In Dakshineswar, Kolkata, West Bengal, India, there is a Hindu navaratna temple called the Dakshineswar Kali Temple. The presiding goddess of the temple, which is located on the eastern bank of the Hooghly River, is Bhavatarini, a manifestation of Parashakti Adya Kali, also known as Adishakti Kalika. Rani Rashmoni, a Zamindar, philanthropist, and devotee of Kali, erected the shrine in 1855. The temple is well-known for its connections to Bengali mystics Ramakrishna and Ma Sarada Devi from the 19th century.
The Radhakanta temple in Navaratna style, constructed by Babu Ramnath Mondal of Tollygunge, served as inspiration for the main temple. In addition to the main temple with nine spires, the temple compound also has rooms along the perimeter walls of a sizable courtyard. Along the riverfront are twelve shrines to Shiva, Kali’s spouse, a Radha-Krishna temple, a riverside bathing ghat, and a shrine to Rani Rashmoni. Ramakrishna and Maa Sarada spent a large portion of their lives in “Nahabat,” the room in the northwest corner just past the final Shiva shrine.
Rani was so deeply impacted by the dream that she searched for and bought a 30,000-acre tract in the village of Dakshineswar right away. Between 1847 and 1855, a sizable temple complex was constructed. Jake Hastie, an Englishman, sold the 20-acre (81,000 m2) site, which at the time was known as Saheban Bagicha. It took eight years and nine hundred thousand rupees to finish the construction of the partially old Muslim burial cemetery, which according to Tantra traditions is shaped like a tortoise and is suitable for the worship of Shakti.

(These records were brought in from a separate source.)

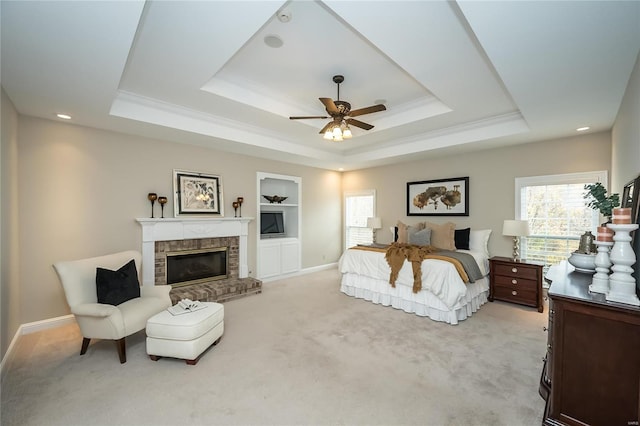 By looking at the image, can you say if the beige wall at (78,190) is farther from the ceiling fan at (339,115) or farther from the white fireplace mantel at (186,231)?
the ceiling fan at (339,115)

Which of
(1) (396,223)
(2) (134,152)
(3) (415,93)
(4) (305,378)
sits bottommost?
(4) (305,378)

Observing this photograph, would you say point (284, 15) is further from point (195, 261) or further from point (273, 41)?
point (195, 261)

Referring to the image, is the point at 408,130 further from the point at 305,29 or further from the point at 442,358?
the point at 442,358

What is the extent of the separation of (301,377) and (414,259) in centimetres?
230

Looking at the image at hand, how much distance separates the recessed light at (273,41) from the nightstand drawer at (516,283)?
4430mm

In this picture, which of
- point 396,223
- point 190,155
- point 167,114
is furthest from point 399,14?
point 396,223

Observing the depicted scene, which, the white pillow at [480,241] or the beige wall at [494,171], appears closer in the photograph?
the beige wall at [494,171]

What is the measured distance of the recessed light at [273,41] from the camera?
101 inches

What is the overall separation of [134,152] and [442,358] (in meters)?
4.82

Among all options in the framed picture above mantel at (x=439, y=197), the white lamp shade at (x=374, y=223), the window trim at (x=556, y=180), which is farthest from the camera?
the white lamp shade at (x=374, y=223)

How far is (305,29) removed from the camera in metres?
2.47

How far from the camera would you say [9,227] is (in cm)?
293

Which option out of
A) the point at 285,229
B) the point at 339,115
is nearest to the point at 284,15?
the point at 339,115

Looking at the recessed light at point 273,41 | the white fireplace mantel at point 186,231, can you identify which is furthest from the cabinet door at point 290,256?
the recessed light at point 273,41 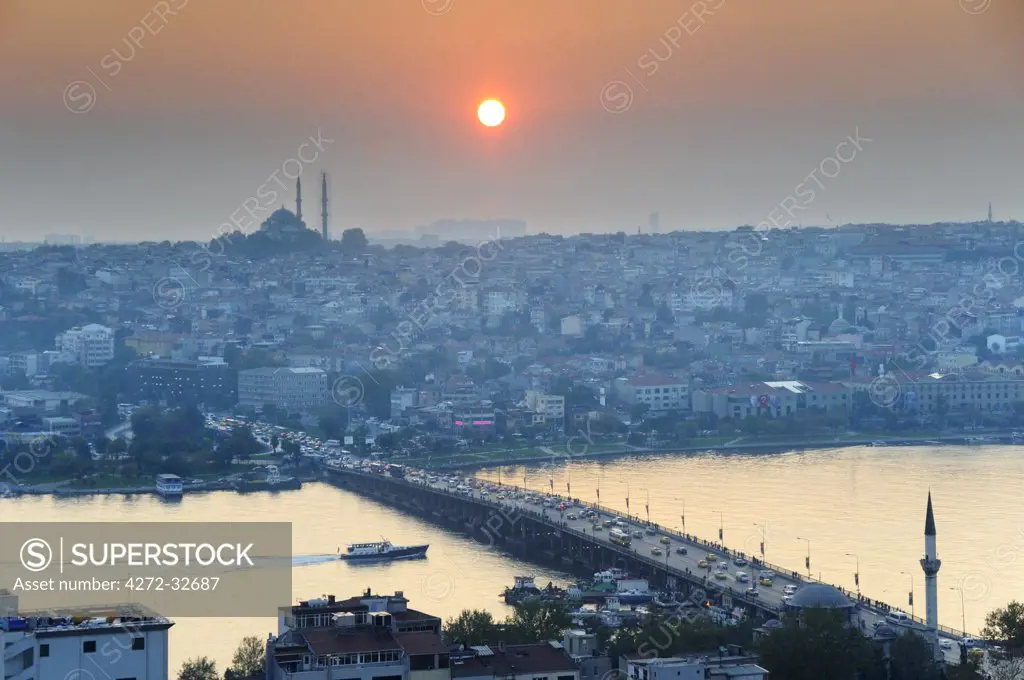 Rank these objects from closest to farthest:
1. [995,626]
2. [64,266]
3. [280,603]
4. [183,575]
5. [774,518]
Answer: [995,626] → [280,603] → [183,575] → [774,518] → [64,266]

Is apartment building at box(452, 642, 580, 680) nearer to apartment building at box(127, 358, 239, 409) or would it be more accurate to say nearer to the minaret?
apartment building at box(127, 358, 239, 409)

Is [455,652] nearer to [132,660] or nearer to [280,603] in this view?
[132,660]

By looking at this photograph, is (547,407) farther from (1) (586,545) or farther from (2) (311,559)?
(2) (311,559)

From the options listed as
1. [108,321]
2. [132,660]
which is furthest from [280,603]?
[108,321]

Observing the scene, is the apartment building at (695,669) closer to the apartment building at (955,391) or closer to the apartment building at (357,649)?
the apartment building at (357,649)

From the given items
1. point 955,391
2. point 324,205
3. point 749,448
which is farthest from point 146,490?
point 324,205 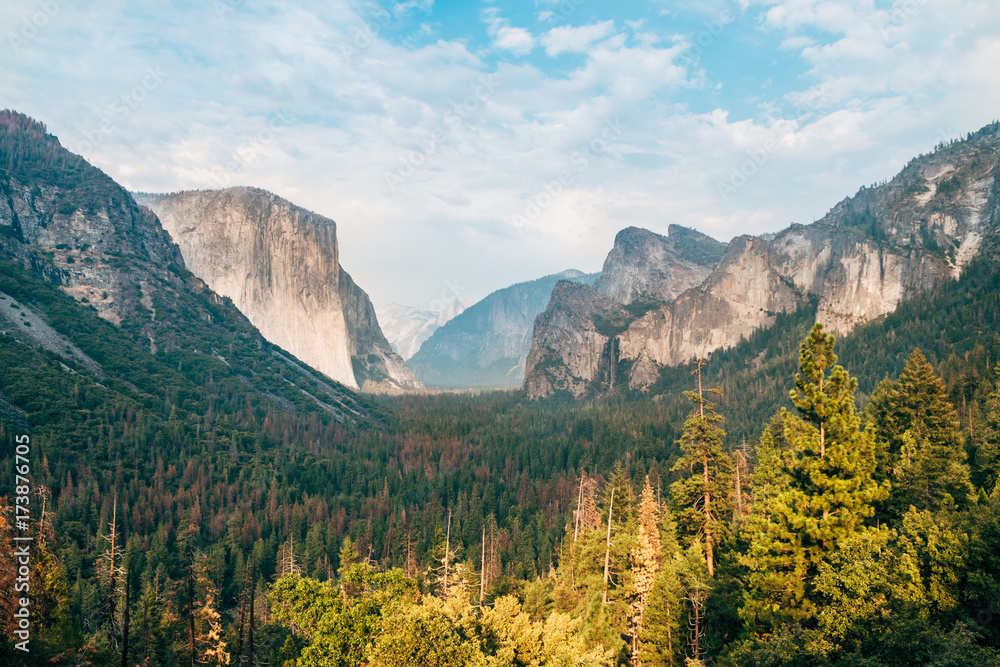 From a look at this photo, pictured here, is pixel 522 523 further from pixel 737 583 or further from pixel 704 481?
pixel 737 583

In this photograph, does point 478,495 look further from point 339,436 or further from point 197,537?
point 339,436

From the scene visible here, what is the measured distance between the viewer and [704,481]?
130 ft

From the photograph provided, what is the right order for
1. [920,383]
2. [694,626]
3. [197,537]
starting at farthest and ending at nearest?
[197,537] → [920,383] → [694,626]

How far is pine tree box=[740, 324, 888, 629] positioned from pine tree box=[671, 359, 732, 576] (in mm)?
8798

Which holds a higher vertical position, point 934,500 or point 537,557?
point 934,500

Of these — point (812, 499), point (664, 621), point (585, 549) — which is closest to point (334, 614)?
point (664, 621)

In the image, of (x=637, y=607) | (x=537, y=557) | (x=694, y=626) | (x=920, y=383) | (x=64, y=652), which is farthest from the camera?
(x=537, y=557)

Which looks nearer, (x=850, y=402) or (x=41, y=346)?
(x=850, y=402)

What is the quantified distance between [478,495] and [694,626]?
82067mm

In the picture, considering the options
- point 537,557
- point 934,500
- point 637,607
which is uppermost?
point 934,500

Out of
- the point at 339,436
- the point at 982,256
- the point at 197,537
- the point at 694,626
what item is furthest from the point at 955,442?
the point at 982,256

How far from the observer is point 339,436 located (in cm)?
17700

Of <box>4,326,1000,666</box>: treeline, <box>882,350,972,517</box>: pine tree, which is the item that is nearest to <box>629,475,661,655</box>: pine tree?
<box>4,326,1000,666</box>: treeline

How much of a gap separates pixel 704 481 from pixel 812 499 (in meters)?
11.7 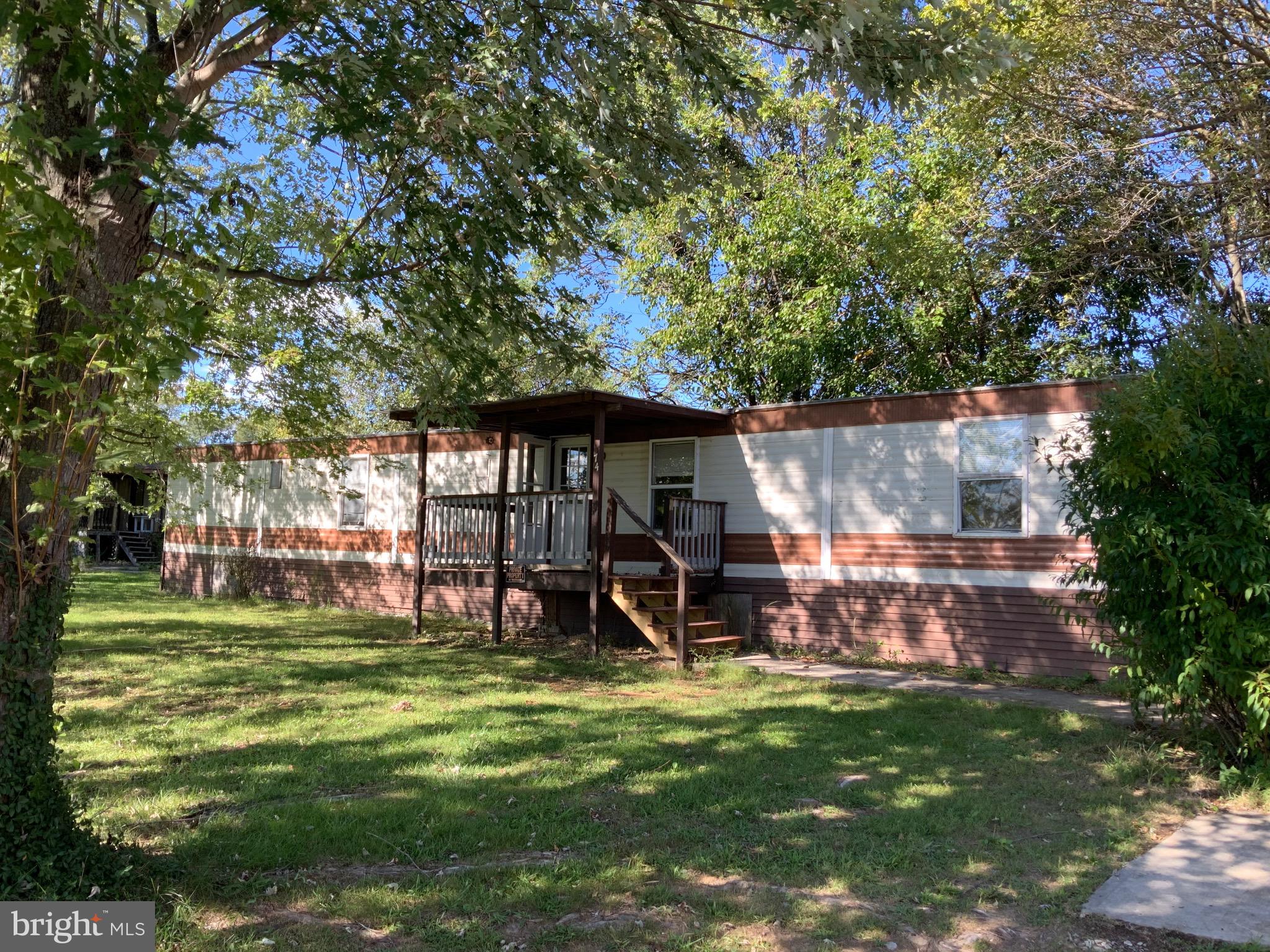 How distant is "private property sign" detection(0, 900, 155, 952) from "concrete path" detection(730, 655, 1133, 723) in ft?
23.7

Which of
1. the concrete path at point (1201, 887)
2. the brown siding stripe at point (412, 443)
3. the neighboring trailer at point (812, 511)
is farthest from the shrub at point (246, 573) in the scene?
the concrete path at point (1201, 887)

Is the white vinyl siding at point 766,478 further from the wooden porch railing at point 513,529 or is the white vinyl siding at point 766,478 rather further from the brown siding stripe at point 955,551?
the wooden porch railing at point 513,529

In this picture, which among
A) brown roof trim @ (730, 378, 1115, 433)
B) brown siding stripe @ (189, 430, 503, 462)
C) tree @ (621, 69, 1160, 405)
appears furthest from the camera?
brown siding stripe @ (189, 430, 503, 462)

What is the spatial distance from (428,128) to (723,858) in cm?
473

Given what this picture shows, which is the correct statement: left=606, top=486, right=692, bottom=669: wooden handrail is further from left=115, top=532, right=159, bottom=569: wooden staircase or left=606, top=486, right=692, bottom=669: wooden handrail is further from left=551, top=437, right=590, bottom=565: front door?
left=115, top=532, right=159, bottom=569: wooden staircase

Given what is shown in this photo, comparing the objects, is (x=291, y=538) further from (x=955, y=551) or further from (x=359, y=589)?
(x=955, y=551)

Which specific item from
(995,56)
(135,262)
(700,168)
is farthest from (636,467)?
(135,262)

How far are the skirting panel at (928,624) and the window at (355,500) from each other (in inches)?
299

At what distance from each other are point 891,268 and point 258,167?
370 inches

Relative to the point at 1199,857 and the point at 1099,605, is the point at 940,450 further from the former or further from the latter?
the point at 1199,857

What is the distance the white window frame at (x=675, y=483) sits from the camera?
13094mm

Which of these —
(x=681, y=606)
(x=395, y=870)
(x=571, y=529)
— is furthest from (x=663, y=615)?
(x=395, y=870)

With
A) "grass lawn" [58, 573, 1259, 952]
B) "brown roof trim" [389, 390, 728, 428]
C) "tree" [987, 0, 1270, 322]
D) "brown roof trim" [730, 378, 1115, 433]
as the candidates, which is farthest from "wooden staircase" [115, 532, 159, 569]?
"tree" [987, 0, 1270, 322]

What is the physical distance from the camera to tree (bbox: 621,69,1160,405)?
14.0m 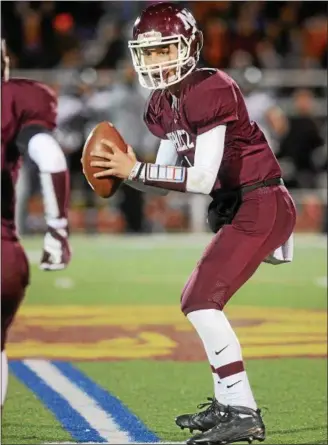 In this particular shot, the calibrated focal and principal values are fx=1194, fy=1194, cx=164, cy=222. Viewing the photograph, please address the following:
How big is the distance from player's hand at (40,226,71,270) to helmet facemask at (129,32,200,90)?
597 millimetres

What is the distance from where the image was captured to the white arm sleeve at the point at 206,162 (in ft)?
12.1

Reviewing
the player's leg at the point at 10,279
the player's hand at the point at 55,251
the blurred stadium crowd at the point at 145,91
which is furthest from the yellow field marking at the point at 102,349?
the blurred stadium crowd at the point at 145,91

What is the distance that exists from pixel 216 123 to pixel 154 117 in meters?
0.35

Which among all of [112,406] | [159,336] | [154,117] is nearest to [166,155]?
[154,117]

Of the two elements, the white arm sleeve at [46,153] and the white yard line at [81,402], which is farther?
the white yard line at [81,402]

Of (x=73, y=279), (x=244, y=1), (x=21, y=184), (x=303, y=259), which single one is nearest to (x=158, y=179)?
(x=73, y=279)

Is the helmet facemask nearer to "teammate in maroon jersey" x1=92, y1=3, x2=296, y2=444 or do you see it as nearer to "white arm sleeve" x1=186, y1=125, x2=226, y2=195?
"teammate in maroon jersey" x1=92, y1=3, x2=296, y2=444

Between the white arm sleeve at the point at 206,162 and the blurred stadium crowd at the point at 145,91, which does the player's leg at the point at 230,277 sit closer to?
the white arm sleeve at the point at 206,162

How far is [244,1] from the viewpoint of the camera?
38.6 ft

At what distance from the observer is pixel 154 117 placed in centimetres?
401

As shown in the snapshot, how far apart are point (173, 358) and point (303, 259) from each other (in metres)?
3.74

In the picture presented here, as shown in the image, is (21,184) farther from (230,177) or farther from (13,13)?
(230,177)

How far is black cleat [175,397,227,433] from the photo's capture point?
3.82 metres

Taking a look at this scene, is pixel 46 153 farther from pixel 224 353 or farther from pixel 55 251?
pixel 224 353
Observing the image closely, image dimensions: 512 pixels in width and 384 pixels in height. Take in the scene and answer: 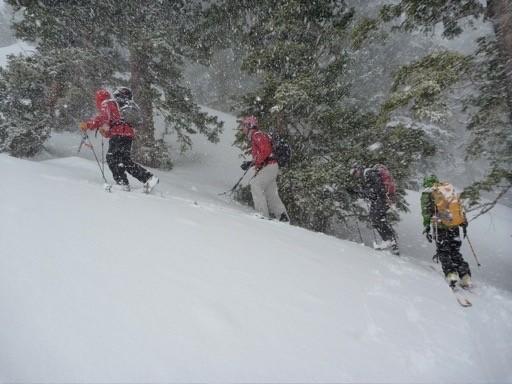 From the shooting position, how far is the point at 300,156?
9.61 meters

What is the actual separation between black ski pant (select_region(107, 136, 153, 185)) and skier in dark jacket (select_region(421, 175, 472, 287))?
489 centimetres

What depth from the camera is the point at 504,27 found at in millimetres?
6125

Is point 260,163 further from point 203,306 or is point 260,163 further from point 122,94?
point 203,306

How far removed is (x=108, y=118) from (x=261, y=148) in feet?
9.48

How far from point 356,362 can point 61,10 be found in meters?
11.6

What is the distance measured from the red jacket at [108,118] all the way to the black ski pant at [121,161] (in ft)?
0.42

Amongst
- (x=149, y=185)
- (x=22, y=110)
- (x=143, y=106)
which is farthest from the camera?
(x=143, y=106)

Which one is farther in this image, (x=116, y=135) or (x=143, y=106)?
(x=143, y=106)

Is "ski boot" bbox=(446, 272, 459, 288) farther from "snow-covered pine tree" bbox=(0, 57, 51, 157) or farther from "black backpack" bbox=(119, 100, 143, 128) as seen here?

On May 31, 1855, during celebrations at the temple formerly known as Sri Sri Jagadishwari Kali, head priest Ramkumar Chhattopadhyay erected the idol of Goddess Kali.The row of twelve identical Shiva temples, built in the distinctive aat-chala Bengali style and facing the east close to the main temple, are situated on either side of the ghat on the Hooghly river. The Vishnu Temple, also known as the Radha Kanta Temple, is located to the northeast of the Temple Complex. A set of stairs leads to the temple, where a silver seat is adorned with an idol of Lord Krishna that is 21+12 inches (550 mm) in height and an idol of Radha that measures 16 inches (410 mm) in height.